Task Relevant Maturity
A couple of weeks ago, I was interviewing Swapnil Saykar, Head of Products, Amazon on my podcast. One of the questions that I posed to him was how does he draw the dividing line between him and his subordinate product managers on various tasks and responsibilities. That is when he mentioned about following the task-relevant maturity model from Andy Grove’s book, High Output Management.
It must have been the 20th time someone was talking about Andy Grove’s book on my podcast. All these years, I avoided reading the book because I did not think a managerial book written in 1983 would be of relevance in this day and age of flatter organizations. But when I couldn’t stop hearing about book any more, I gave in. I ordered myself a copy of the book and pored into it to find out what the fuss was all about.
The first thing reading the book made me realise that the basics of management remain largely unaffected.
But since this post is about task-relevant maturity, let’s remain focussed to just that.
What exactly is Task-Relevant Maturity? Andy defines Task-Relevant Maturity as:
“A combination of the degree of their achievement orientation and readiness to take responsibility, as well as their education, training, and experience. Moreover, all this is very specific to the task at hand, and it is entirely possible for a person or a group of people to have a TRM that is high in one job but low in another.”
Any given managerial approach is not equally effective under all conditions. Some researchers in this field argue that there is a fundamental variable that tells you what the best management style is in a particular situation. That variable is the task-relevant maturity of the subordinates, which is a combination of the degree of their achievement orientation and readiness to take responsibility, as well as their education, training, and experience. Moreover, all this is very specific to the task at hand, and it is entirely possible for a person or a group of people to have a TRM that is high in one job but low in another.
Sometimes, the personal maturity of an individual does not change, but his task-relevant maturity may change in a new job, new environment, content and tasks. The analogy that the book provides is that of a person with many years’ experience driving on small country roads being suddenly asked to drive on a crowded metropolitan freeway. His TRM driving his own car will drop drastically.

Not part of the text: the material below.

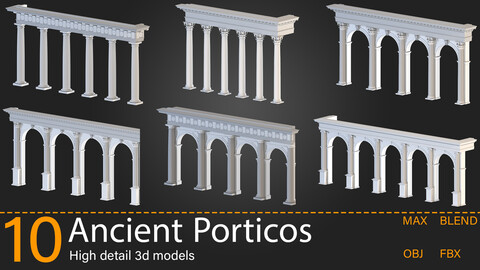 10-Ancient porticos-Kitbash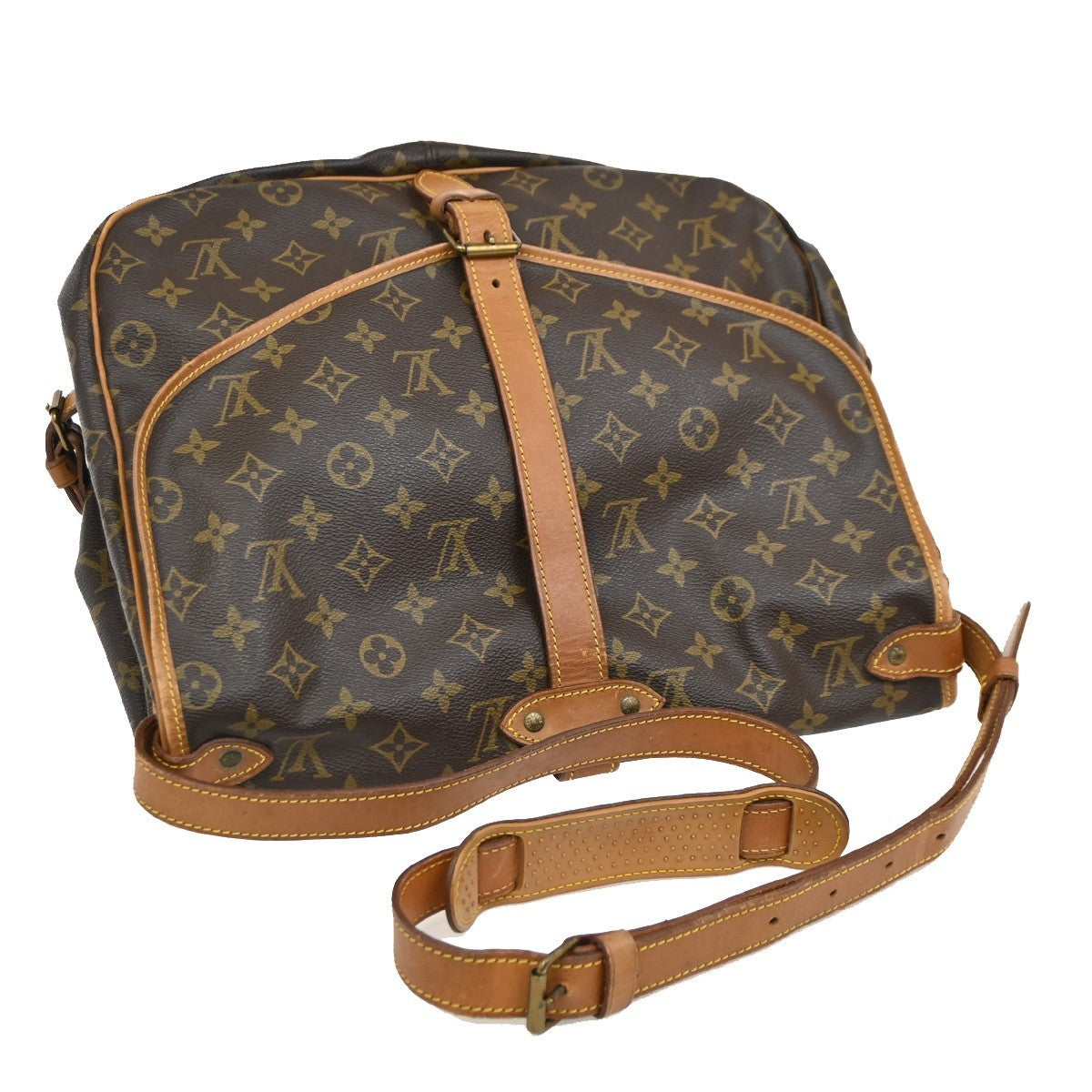 LOUIS VUITTON Saumur 35 Shoulder Bag Monogram Leather BN France M42254 76DA048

The conclusion is that varying management styles are needed as task-relevant maturity varies.
When TRM is Low
Specifically, when the TRM is low, the most effective approach is one that offers very precise and detailed instructions, wherein the supervisor tells the subordinate what needs to be done, when, and how: in other words, a highly structured approach.
This is the main mode for which modern management theory advocates — that of being a coach, rather than a hands-on manager. A coach provides encouragement and emotional support as a subordinate or teammate completes a task. The goal for the manager is to be an enabler and assist the subordinate to complete the task on their own by providing advice, support, and counsel. The manager should be clear regarding what is expected, but shouldn’t specify the how — she should leave the how up to the individual who will be completing the task.
Many managers automatically assume that they should play the role of coach in all situations. The key insight from Andy Grove is that the manager should only be the coach when the subordinate or teammate is at medium TRM. If they are not yet at medium TRM, the manager should provide a highly structured approach
When TRM is High
“As the TRM becomes even greater, the effective management style changes again. Here the manager’s involvement should be kept to a minimum, and should primarily consist of making sure that the objectives toward which the subordinate is working are mutually agreed upon.”
As the TRM of the subordinate grows, the most effective style moves from the structured to one more given to communication, emotional support, and encouragement, in which the manager pays more attention to the subordinate as an individual than to the task at hand.
In this situation, the manager should spend most of the time up front developing mutual agreement with the subordinate or teammate on the goals. Once the goals have been agreed upon, the manager should play a relatively hands-off role while the subordinate completes the task.
As the TRM becomes even greater, the effective management style changes again. Here the manager’s involvement should be kept to a minimum, and should primarily consist of making sure that the objectives toward which the subordinate is working are mutually agreed upon.
But regardless of what the TRM may be, the manager should always monitor a subordinate’s work closely enough to avoid surprises. The presence or absence of monitoring, is the difference between a supervisor’s delegating a task and abdicating it.
The above framework can be summarised in this table:
Management Style and Managerial Leverage
The book talks about why supervisors should try to raise the task-relevant maturity of their subordinates as rapidly as possible for obvious pragmatic reasons.
The appropriate management style for an employee with high TRM takes less time than detailed, structured, supervision requires.
Moreover, once operational values are learned and TRM is high enough, the supervisor can delegate tasks to the subordinate, thus increasing his managerial leverage.
Finally, at the highest levels of TRM, the subordinate’s training is presumably complete, and motivation is likely to come from within, from self-actualization, which is the most powerful source of energy and effort a manager can harness.